What needs to be done: Where the material below has a line containing "BLACK OPS 2 ZOMBIELAND MOD LIVE!", start repeating exactly, and keep going through the line containing "Corneille - La Colombe verkocht voor € 450!", with no other lines.
BEGIN Records shown
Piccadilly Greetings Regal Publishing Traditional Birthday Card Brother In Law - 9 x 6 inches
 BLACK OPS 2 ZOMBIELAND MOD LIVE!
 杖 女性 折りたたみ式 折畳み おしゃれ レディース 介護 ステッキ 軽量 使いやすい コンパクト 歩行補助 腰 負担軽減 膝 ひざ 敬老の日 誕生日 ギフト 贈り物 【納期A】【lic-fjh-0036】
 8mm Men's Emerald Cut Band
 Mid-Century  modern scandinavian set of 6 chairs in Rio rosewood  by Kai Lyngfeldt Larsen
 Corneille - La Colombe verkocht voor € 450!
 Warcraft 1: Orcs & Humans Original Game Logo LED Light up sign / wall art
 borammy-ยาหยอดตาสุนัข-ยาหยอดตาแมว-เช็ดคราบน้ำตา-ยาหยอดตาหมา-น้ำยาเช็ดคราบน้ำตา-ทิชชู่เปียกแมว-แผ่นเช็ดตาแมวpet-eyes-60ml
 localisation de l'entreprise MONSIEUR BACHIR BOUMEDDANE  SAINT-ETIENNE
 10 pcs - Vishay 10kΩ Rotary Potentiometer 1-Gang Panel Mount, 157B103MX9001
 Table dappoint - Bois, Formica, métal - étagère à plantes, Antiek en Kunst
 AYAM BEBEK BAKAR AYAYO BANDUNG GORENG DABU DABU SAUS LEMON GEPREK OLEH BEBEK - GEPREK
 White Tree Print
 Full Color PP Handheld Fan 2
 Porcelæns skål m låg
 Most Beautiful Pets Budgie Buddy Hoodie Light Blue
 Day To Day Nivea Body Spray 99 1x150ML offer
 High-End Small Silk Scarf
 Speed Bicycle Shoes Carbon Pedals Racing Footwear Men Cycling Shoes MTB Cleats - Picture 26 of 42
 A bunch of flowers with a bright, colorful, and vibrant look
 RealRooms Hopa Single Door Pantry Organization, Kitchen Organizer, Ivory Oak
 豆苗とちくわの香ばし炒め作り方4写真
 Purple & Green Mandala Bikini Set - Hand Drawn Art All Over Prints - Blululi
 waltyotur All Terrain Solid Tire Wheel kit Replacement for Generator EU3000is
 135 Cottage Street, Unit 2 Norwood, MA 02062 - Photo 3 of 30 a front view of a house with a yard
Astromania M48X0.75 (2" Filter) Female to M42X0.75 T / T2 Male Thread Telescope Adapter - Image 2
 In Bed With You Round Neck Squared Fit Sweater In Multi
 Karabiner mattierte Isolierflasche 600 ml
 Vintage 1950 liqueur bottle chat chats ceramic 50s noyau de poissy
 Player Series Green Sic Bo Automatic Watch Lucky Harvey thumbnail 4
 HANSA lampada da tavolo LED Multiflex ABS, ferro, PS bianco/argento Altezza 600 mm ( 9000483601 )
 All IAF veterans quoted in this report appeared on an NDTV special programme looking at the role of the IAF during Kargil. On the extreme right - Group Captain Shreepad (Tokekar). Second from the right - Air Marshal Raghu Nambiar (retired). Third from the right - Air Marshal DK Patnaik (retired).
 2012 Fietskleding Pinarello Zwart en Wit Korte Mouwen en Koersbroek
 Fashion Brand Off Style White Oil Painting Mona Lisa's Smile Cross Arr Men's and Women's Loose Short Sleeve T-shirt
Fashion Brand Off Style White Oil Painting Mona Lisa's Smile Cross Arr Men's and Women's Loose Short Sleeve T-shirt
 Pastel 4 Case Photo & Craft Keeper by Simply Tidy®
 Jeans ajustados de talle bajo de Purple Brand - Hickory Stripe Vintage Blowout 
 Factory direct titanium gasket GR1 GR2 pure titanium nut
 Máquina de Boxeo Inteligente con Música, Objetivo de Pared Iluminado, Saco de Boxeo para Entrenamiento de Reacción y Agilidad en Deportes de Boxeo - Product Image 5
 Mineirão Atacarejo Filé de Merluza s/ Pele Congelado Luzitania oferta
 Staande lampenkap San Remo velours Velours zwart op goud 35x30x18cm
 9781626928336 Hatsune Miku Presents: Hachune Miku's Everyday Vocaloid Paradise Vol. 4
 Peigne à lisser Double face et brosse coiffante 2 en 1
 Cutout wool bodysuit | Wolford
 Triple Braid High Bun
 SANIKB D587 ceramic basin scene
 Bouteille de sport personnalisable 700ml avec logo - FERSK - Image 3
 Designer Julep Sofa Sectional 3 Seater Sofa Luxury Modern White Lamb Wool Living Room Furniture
END Records shown
Answer to the problem:
 BLACK OPS 2 ZOMBIELAND MOD LIVE!
 杖 女性 折りたたみ式 折畳み おしゃれ レディース 介護 ステッキ 軽量 使いやすい コンパクト 歩行補助 腰 負担軽減 膝 ひざ 敬老の日 誕生日 ギフト 贈り物 【納期A】【lic-fjh-0036】
 8mm Men's Emerald Cut Band
 Mid-Century  modern scandinavian set of 6 chairs in Rio rosewood  by Kai Lyngfeldt Larsen
 Corneille - La Colombe verkocht voor € 450!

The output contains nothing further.